» Task to carry out:
Within the records below is a range that opens at the line with "Стол складной пластиковый садовый" and closes at the line with "Page 5 Chapter 12 Star of the Giants". Return that range word for word, both ends included, and only that range.

» Record extracts:
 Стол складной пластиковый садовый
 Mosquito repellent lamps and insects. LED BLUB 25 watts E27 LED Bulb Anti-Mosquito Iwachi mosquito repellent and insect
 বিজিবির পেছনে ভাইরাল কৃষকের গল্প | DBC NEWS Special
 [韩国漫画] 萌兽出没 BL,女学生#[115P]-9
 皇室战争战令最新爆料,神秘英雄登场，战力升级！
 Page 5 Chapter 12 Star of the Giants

* * *

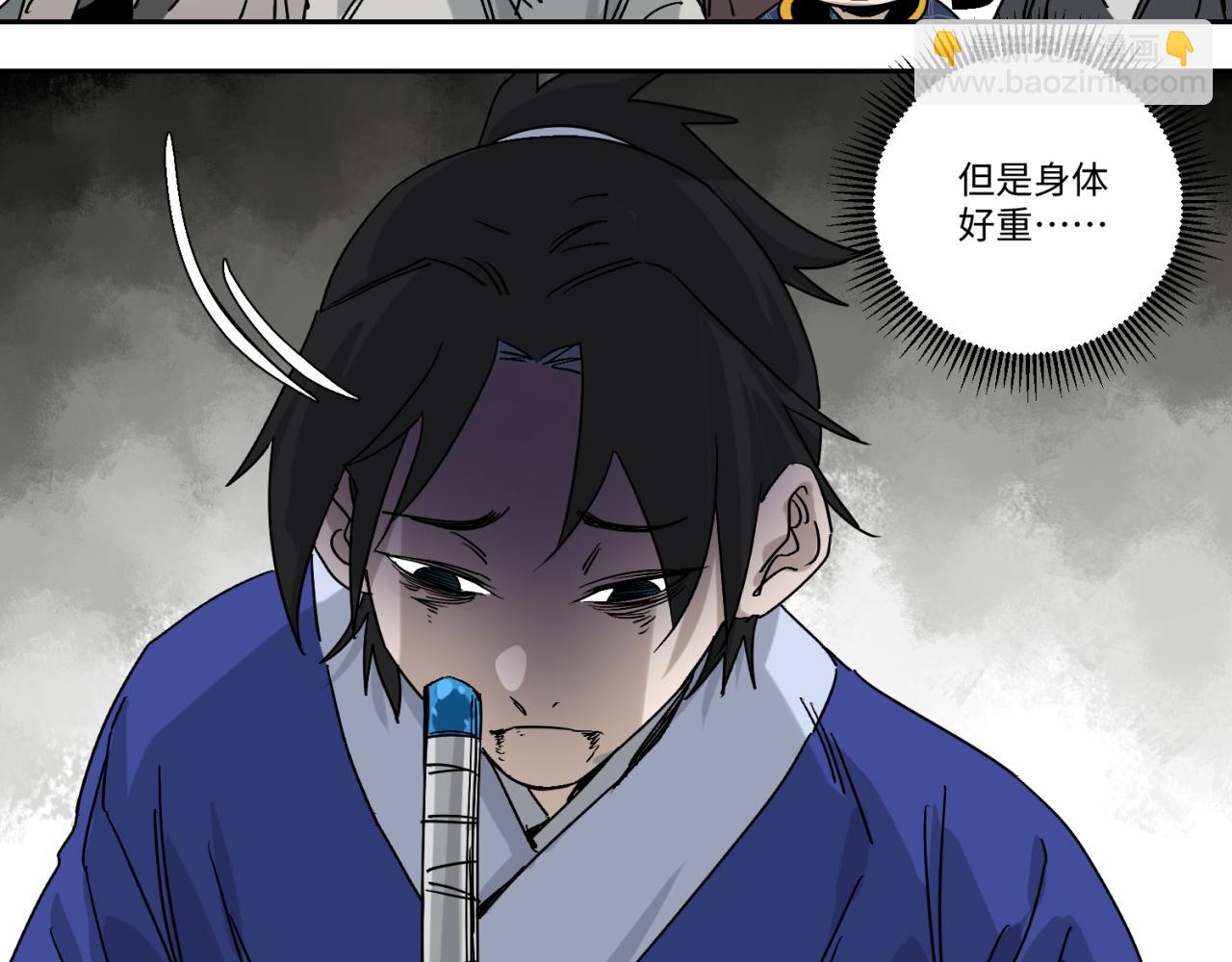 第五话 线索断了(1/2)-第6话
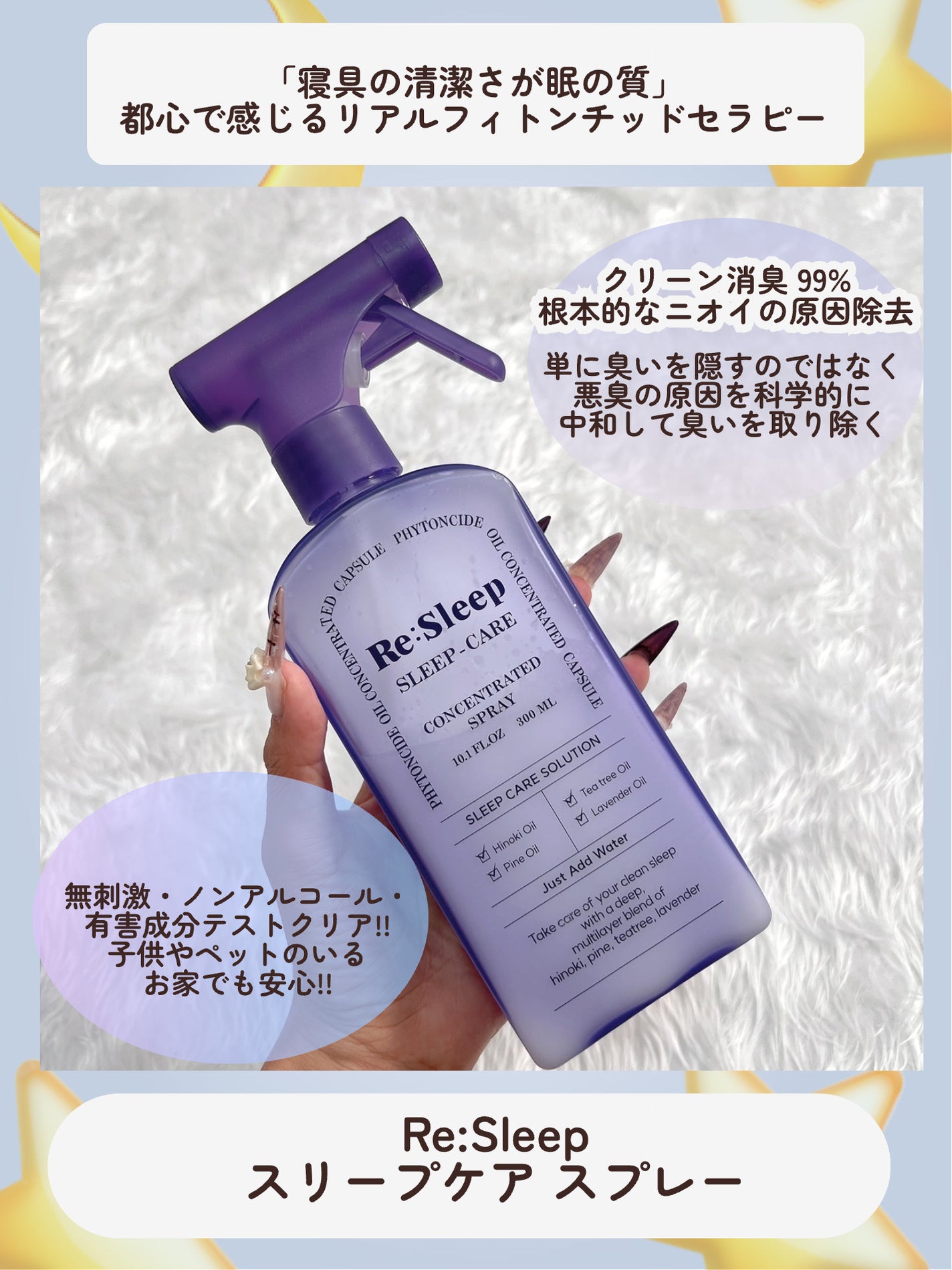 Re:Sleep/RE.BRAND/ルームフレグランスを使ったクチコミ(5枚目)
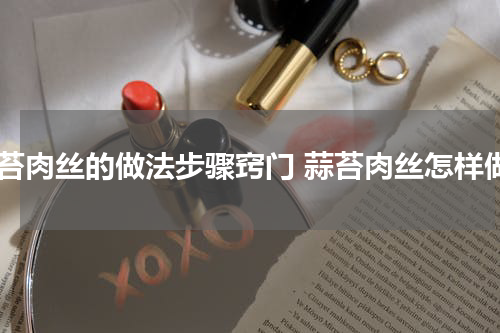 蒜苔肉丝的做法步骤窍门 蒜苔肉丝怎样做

---

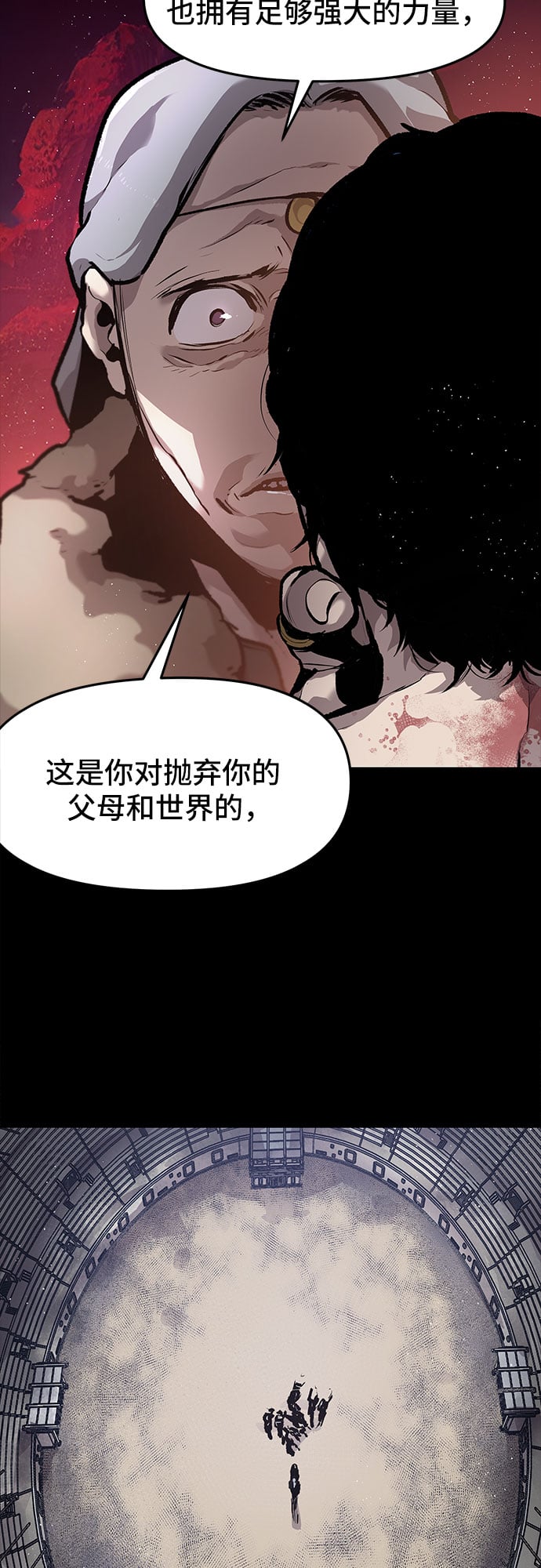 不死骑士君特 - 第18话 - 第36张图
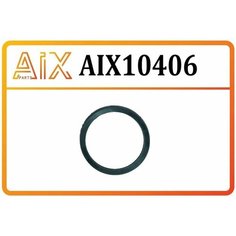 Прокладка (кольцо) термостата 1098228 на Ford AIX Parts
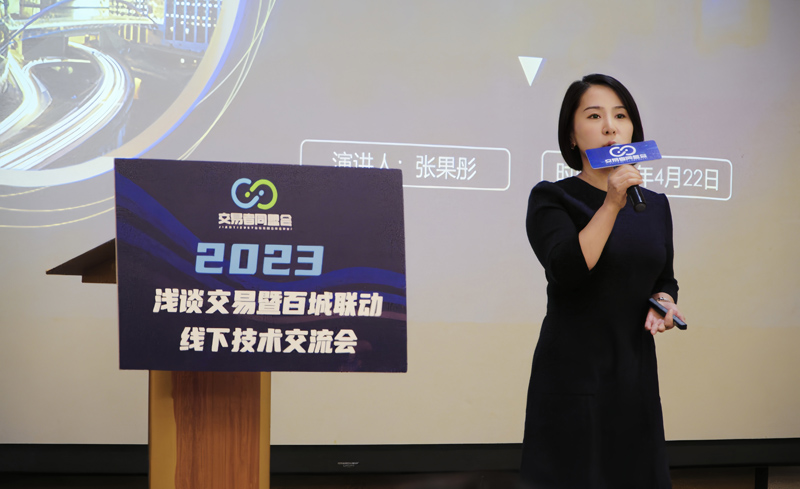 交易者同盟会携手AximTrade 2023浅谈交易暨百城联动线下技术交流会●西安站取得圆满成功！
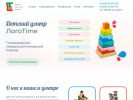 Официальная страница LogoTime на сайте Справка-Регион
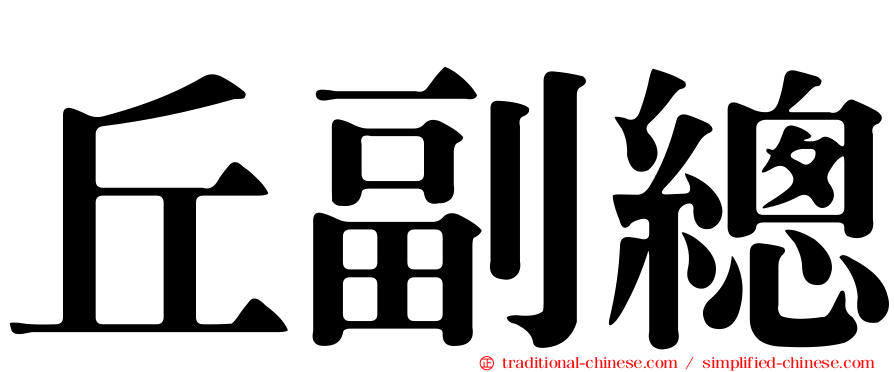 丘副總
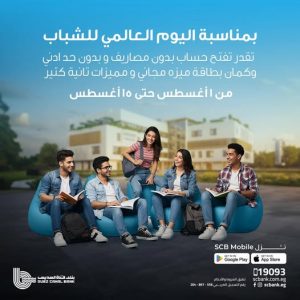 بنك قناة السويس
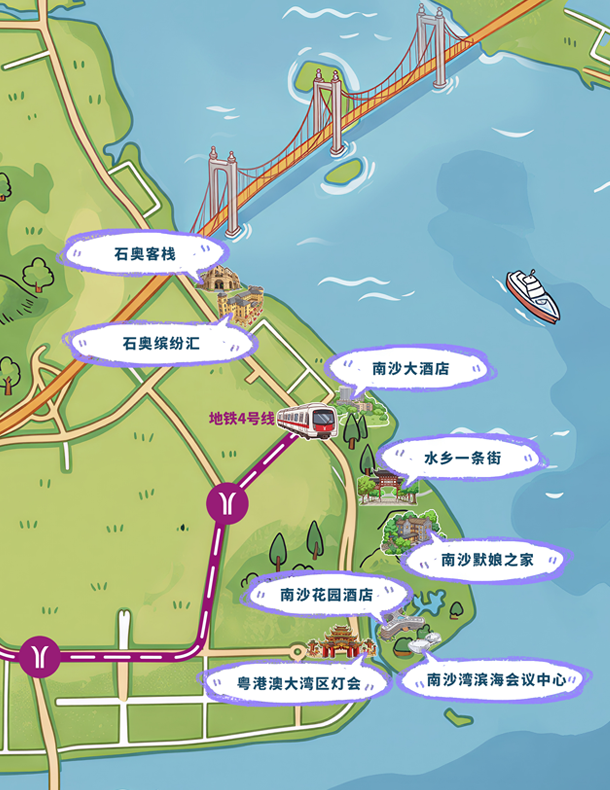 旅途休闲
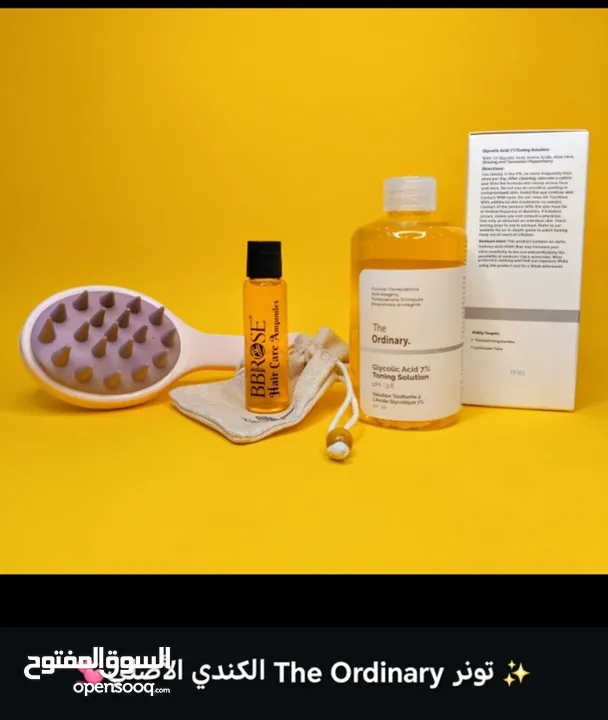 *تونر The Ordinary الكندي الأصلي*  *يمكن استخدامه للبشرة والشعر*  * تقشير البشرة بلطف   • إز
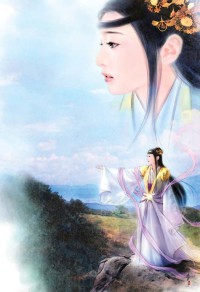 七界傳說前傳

» Response for this exercise:
 Стол складной пластиковый садовый
 Mosquito repellent lamps and insects. LED BLUB 25 watts E27 LED Bulb Anti-Mosquito Iwachi mosquito repellent and insect
 বিজিবির পেছনে ভাইরাল কৃষকের গল্প | DBC NEWS Special
 [韩国漫画] 萌兽出没 BL,女学生#[115P]-9
 皇室战争战令最新爆料,神秘英雄登场，战力升级！
 Page 5 Chapter 12 Star of the Giants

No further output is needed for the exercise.